Educação verdadeiramente inclusiva

Por Daniel Nogueira

Edição da semana 20/11/2025

O governo federal expediu, em outubro, o Decreto nº 12.686/2025, que institui a Política Nacional de Educação Especial Inclusiva e a Rede Nacional de Educação Especial Inclusiva. A medida foi anunciada como um marco no fortalecimento da inclusão escolar de pessoas com deficiência, transtorno do espectro autista e altas habilidades. À primeira vista, a intenção parece inquestionável: garantir que todos os estudantes aprendam juntos, em ambientes escolares comuns, com o apoio de recursos pedagógicos e acessibilidade. No entanto, os textos dos artigos 5º e 8º acenderam um intenso debate no país, especialmente entre as APAEs, educadores e parlamentares. O motivo é simples e, ao mesmo tempo, profundo: ao definir o Atendimento Educacional Especializado (AEE) como uma “atividade pedagógica de caráter complementar à escolarização”, o decr eto sugere que a matrícula em classe comum é obrigatória e universal, relegando o AEE ao papel de mero suporte.

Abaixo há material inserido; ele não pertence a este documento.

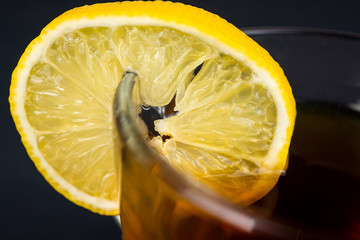 Tea with lemon close-up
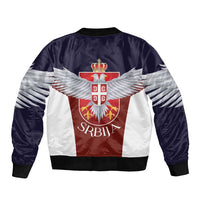 Serbia Bomber Jacket Double Headed Eage Emblem Sporty - Wonder Print Shop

Na prática, essa redação faz desaparecer uma possibilidade que, há décadas, é reconhecida pela legislação brasileira: a de que, em alguns casos, o atendimento especializado pode substituir a matrícula em sala comum. A Lei de Diretrizes e Bases da Educação (LDB), no artigo 58, diz que a educação especial deve ser oferecida “preferencialmente” na rede regular, termo que indica prioridade, mas não exclusividade. O advérbio, que parece pequeno, carrega uma diferença civilizatória. Ele garante que a busca pela inclusão não se transforme em imposição cega, ignorando as condições reais de cada aluno e as limitações de muitas redes públicas.

Ao reduzir o AEE a uma função complementar, o decreto ameaça deslegitimar o papel das instituições especializadas, como as APAEs que, há mais de meio século, oferecem atendimento educacional e t erapêutico a pessoas com deficiência intelectual, múltipla ou com comprometimentos severos. Essas entidades não são frutos de um passado segregador, mas, sim, espaços de pertencimento e desenvolvimento integral para estudantes cujas necessidades vão além do que a escola comum pode atender, mesmo com apoio técnico. Extinguir, por via interpretativa, a possibilidade de substituição da classe comum pelo AEE seria, na prática, condenar muitos desses alunos à exclusão disfarçada de inclusão — dentro da sala de aula, mas fora da aprendizagem.

O discurso oficial do Ministério da Educação tem reforçado que o decreto não pretende extinguir as instituições especializadas, mas integrá-las à nova rede de educação inclusiva. O problema, contudo, não está nas intenções declaradas, mas no efeito jurídico e simbólico da redação. A linguagem normativa tem consequências: quando o texto oficial afirma que o AEE é apenas complementar, abre-se espaço para interpretações administrativas que inviabilizam convênios, retiram repasses e induzem matrículas compulsórias em escolas comuns, independentemente do perfil do aluno. É isso que tem mobilizado pais, professores e parlamentares — e motivado, inclusive, projetos no Congresso Nacional para sustar os efeitos do decreto.